I assume the cylinder on the end is 1/2 of something??
So you are missing the other 1./2 and the rest of the wire??

Light Blue would be LB
Green is G

So light blue with green stripe wire would be LB/G
 
Yes Im missing the other half. There is a big grey colored cylinder shape connector. On this are blk/w , yel/red , and either grey/lt green or blk/lt green. I thought it was blue/black, but after some cleaning it sort of looks grey.
 
picture.php
 
So there are 3 wires on the one connector?????

It is probably for an option your truck doesn't have.
 
It appears to go to a sensor above the starter, Im assuming an oil or knock sensor? I dunno.
 
From another thread:
"'86-87(2.9l) had a knock sensor. It was a 2 wire connector and located just above the oil pan(starter motor side). There was also a low oil indicator switch located in the oil pan on some models on the same side. It is only a single wire."
 
86 2.9 ranger not starting

Going down the highway it made a few popping exaust type noises stalled and that was that.
This is what I know so far. I had issues before not starting in the rain so all elec. connectors were cleaned and that solved the problem for over a year.

Now. I seem to have spark at the plugs. I have pressure at the fuel rail, but I do not have a tester. I tried starting fluid in the brake booster hose to the intake and nothing.
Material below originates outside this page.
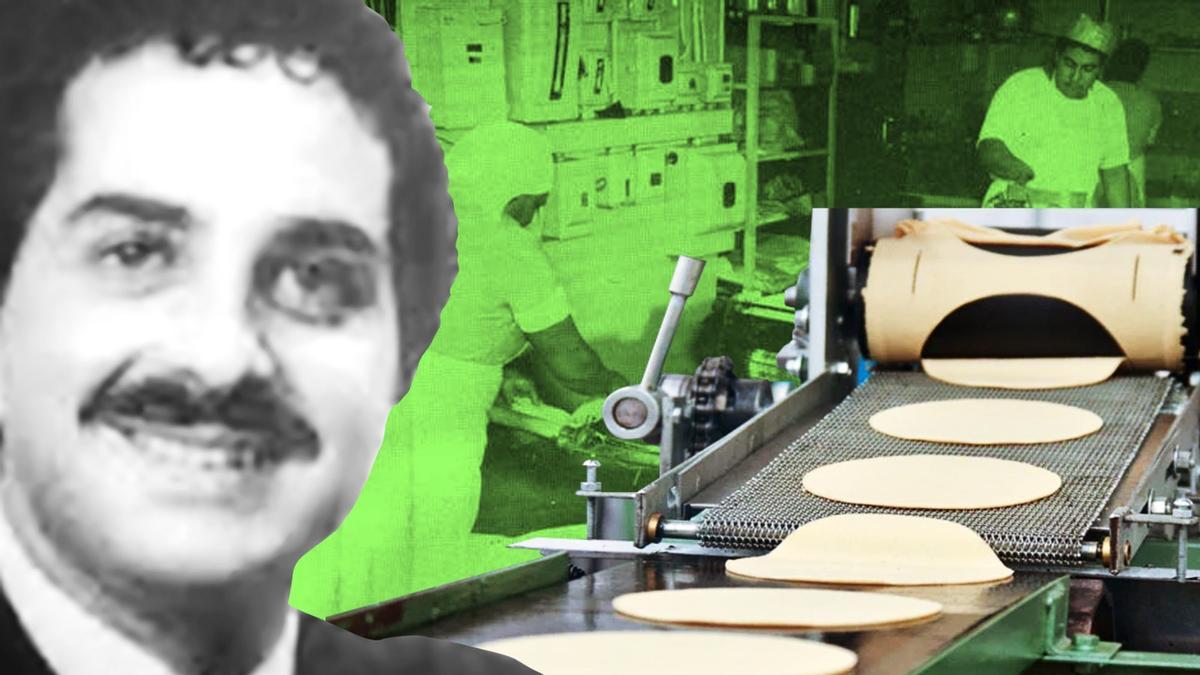 Un joven Fausto Celorio Mendoza junto a una máquina tortilladora.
I have almost 13 volts to the battery, but only about 8 when cranking. I have tried a booster as well. It cranks somewhat slow. I have 135 pressure accross all cylinders except 1(105) 4(110) I wish I had my previous readings, but I cant find them. Distributer spins and seems clean. Any ideas would be appreciated.
 
Slow cranking would account for low compression numbers, 2.9l has 9.0:1 compression ratio so should be coming in at 160psi at sea level with all spark plugs removed and throttle propped open, to get crank spinning as fast as possible.
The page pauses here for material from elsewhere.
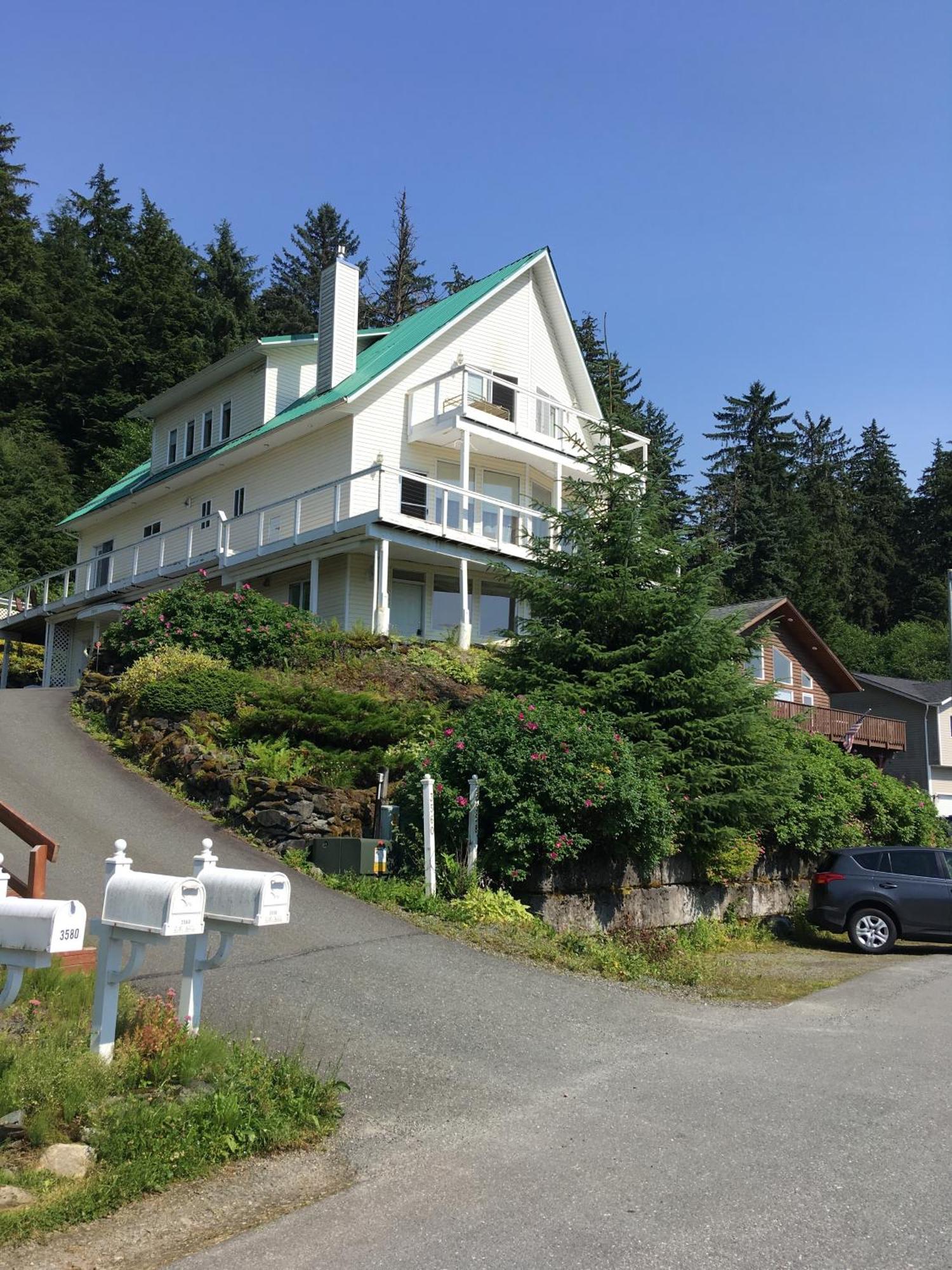 Kelli Creek Cottage - Reduced Price On Tours 朱诺 外观 照片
Starting fluid is ether so will ignite much easier than gasoline, even with lower compression.
The fact it didn't fire at all or even backfire(spark at the wrong time) would mean to me that you don't have spark at the plugs.

Battery with 12.6v or higher is a fairly new battery, dropping down to 8v when cranking means starter motor or cables are drawing too many amps, expected drop when cranking is 3volts, getting below 9.0volts means there is a problem with battery, starter relay, cables or starter motor.
But that shouldn't cause a no start, just a heads up for future issue.
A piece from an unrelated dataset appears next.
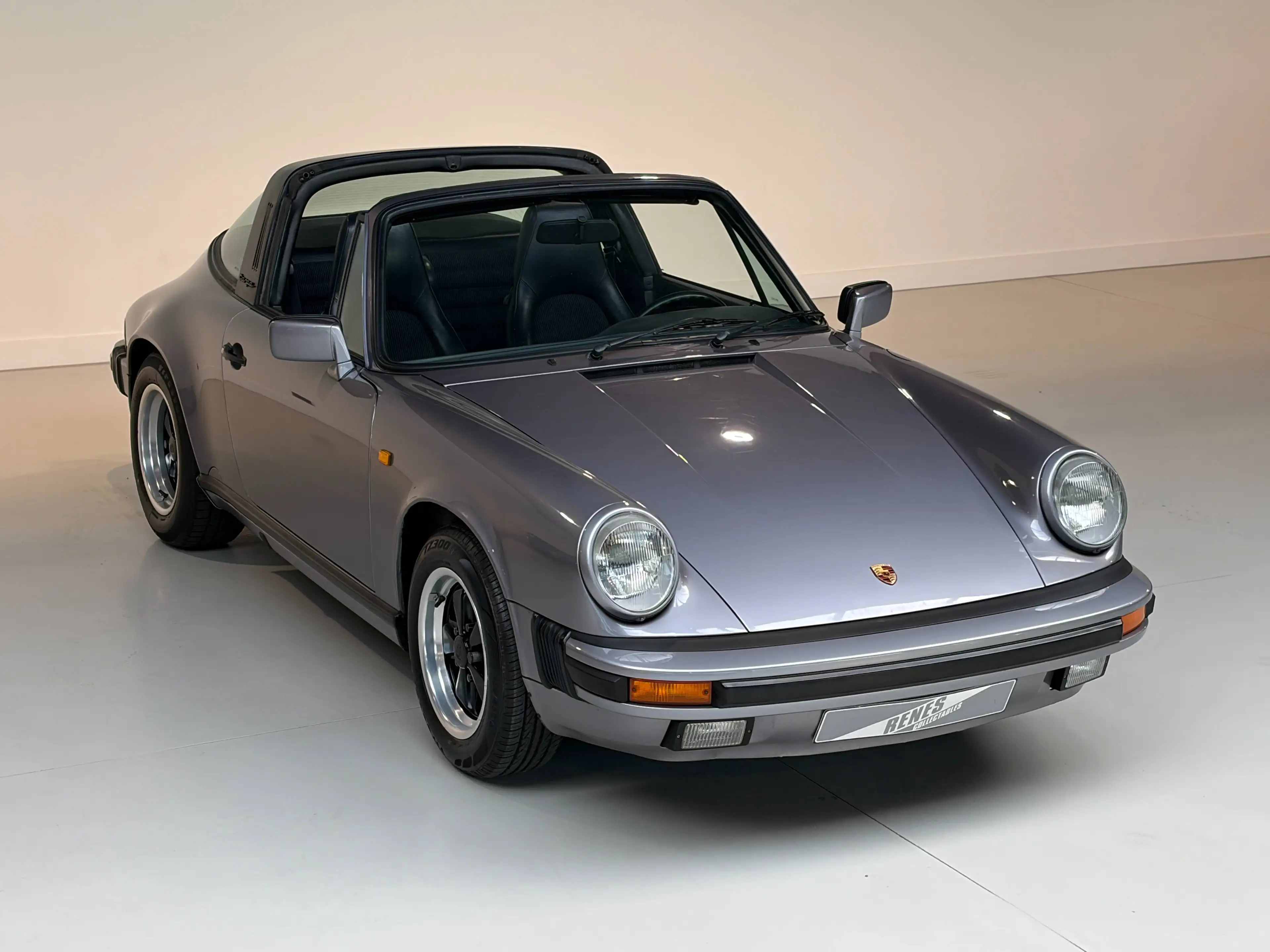 Porsche 911 3.2 Carrera Targa G50 C00 — photo 11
TFI ignition systems are 25+ years old now and will have failing parts.
You can try putting a jumper wire from Battery + to Coil + this will make sure coil is getting power for cranking.
Good read here on TFI testing: http://www.therangerstation.com/tech_library/TFI_Diagnostic.shtml

I would start with ignition system, get engine to fire using starting fluid, if it does fire up and then stall you can start looking at fuel system.

If you have or can get a timing light I would disconnect SPOUT and crank engine to see if spark for #1 is happening close to TDC mark on crank pulley.
 
Last edited:
battery to coil or starter? I have only checked one plug for fire, I think Im going to have to check the rest. I dont have a timing light and thats about above my pay grade. heh
 
Battery positive to Coil positive(it is marked with "+"), this makes sure coil has power when cranking starter motor.

The distributor/TFI module Grounds and unGrounds the coil("-") to get it to spark, that's what Points did in old distributors.
That spark travels to the distributor cap's center post, then the rotor under the cap gets the spark, the spark travels to the tip of the rotor and arcs to the closest post(spark plug wire), spark plug is grounded to head so spark travels down the spark plug wire and jumps the spark plug gap to get to a ground, hopefully this ignites a mix of 14.5 parts air and 1 part gasoline.

Barbaric way run a spark system, lol, but as bad as it is it will work if EVERYTHING is working and setup correctly.


You will need to get a raise :)
And a Volt/OHM meter($25) or you will waste your time guessing at what may be the problem.